* ACTIVITY
Restate only the tail of the data below, starting at the line that contains "front cover of" and including the last line, word for word.

* RECORDS FOR THE EXERCISE
++++++++++

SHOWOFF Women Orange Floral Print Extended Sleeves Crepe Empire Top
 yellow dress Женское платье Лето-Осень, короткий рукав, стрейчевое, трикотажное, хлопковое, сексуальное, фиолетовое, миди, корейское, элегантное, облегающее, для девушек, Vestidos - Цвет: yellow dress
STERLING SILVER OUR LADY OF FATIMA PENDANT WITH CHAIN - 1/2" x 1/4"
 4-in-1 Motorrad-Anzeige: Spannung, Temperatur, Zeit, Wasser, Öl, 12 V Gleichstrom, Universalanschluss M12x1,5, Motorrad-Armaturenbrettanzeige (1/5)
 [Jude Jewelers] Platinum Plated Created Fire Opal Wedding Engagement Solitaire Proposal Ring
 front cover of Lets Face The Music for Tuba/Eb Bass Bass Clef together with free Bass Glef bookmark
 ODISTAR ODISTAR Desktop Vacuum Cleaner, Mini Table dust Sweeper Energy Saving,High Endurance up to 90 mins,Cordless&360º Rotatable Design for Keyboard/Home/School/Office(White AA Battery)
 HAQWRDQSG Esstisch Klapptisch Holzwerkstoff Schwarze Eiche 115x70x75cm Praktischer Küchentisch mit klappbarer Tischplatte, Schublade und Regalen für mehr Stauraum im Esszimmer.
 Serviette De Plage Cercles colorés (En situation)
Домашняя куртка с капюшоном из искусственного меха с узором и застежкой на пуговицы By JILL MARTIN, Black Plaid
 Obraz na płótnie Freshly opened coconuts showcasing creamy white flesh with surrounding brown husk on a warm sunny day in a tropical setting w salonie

++++++++++

* RESPONSE AREA
 front cover of Lets Face The Music for Tuba/Eb Bass Bass Clef together with free Bass Glef bookmark
 ODISTAR ODISTAR Desktop Vacuum Cleaner, Mini Table dust Sweeper Energy Saving,High Endurance up to 90 mins,Cordless&360º Rotatable Design for Keyboard/Home/School/Office(White AA Battery)
 HAQWRDQSG Esstisch Klapptisch Holzwerkstoff Schwarze Eiche 115x70x75cm Praktischer Küchentisch mit klappbarer Tischplatte, Schublade und Regalen für mehr Stauraum im Esszimmer.
 Serviette De Plage Cercles colorés (En situation)
Домашняя куртка с капюшоном из искусственного меха с узором и застежкой на пуговицы By JILL MARTIN, Black Plaid
 Obraz na płótnie Freshly opened coconuts showcasing creamy white flesh with surrounding brown husk on a warm sunny day in a tropical setting w salonie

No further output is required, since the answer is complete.